Just over three months ago at the Camp Nou, Real Madrid were thumped 5-1 by Barcelona.

The Catalans were so good on the day that the score could’ve been seven or eight and no one would’ve batted an eyelid.

Julen Lopetegui could never recover from such a hammering and was swiftly sent packing to be replaced as coach by Real Madrid Castilla’s Santiago Solari.

Defeats at Eibar and against CSKA Moscow are a particularly painful memory, but suggestions that Florentino Perez got the appointment wrong are wildly inaccurate.

Solari only has two more losses to his record, against Real Sociedad and Leganes, with the latter coming in a Copa del Rey tie that had been won in the first leg.

Indeed, aside from those results and a draw at Villarreal, heading into the Barcelona game on Wednesday Solari had won 18 of his 23 games in charge. That’s hardly sackable form!

Perhaps the absurd belief that the Argentinian was somehow out of his depth perpetuated the notion that Los Blancos were heading for another hiding in Catalonia, but that was never going to happen.

Real are playing their best football of the season, and that’s largely due to the bravery of their coach, and in stark contrast to some of the decisions his predecessor made. Or didn’t make more to the point.

Though leaving Isco out consistently is a little baffling, putting Vinicius Junior and Marcos Llorente into the mix deserves the plaudits. Both have responded wonderfully well to their coach’s faith and neither looked out of place against Barcelona.

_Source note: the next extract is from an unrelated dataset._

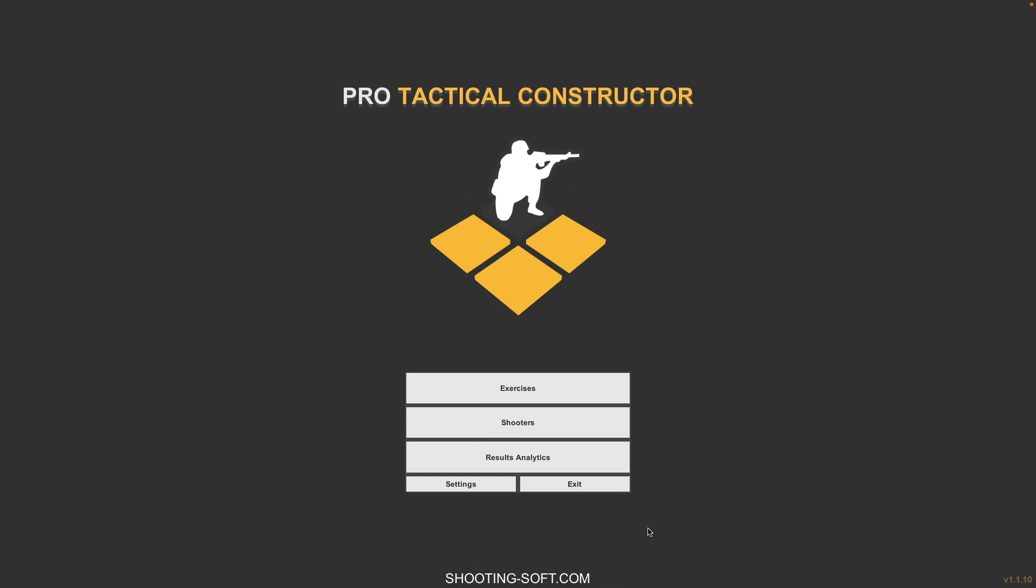Overview of the Shooting Soft Pro Tactical Constructor. It's a great tool if you're in police, military, personal security, or even if you want to train some people on how to navigate through buildings and deal with hostages and other frantic people running around while you're trying to neutralize a threat. Thank you for watching.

In fact, the Brazilian was Real’s chief threat for long periods, and only his decision making at crucial points of the match let him down. Let’s not forget of course that he’s only 18 and showed no fear on his first Clásico appearance.

When Llorente was forced off with Casemiro replacing him, Barca were handed the advantage. The security that the youngster had afforded his team to that point had disappeared.

Leaving out Marcelo wasn’t an option on this occasion, but Solari has preferred Sergio Reguilon to the vice-captain over recent matches.

It takes guts to go with your instincts, especially when senior players are involved and particularly at a big club that’s so riddled with internal politics.

A coach will live or die by those decisions and, as we saw with Lopetegui, some won’t make them at all.

Solari’s courage of his convictions not only saw his team dominate Barcelona for long periods but has put Los Blancos in the box seat ahead of the second leg.

The last team to knock the Blaugrana out of the Copa del Rey (way back in 2014) was… you’ve guessed it, Real Madrid, and the incentive to stop them becoming the first team in history to win the title five years in a row will be all the motivation that Solari needs to fire his players up for the return.

A second title under him could finally be the turning point he needs to convince any lingering doubters as to his suitability for the position.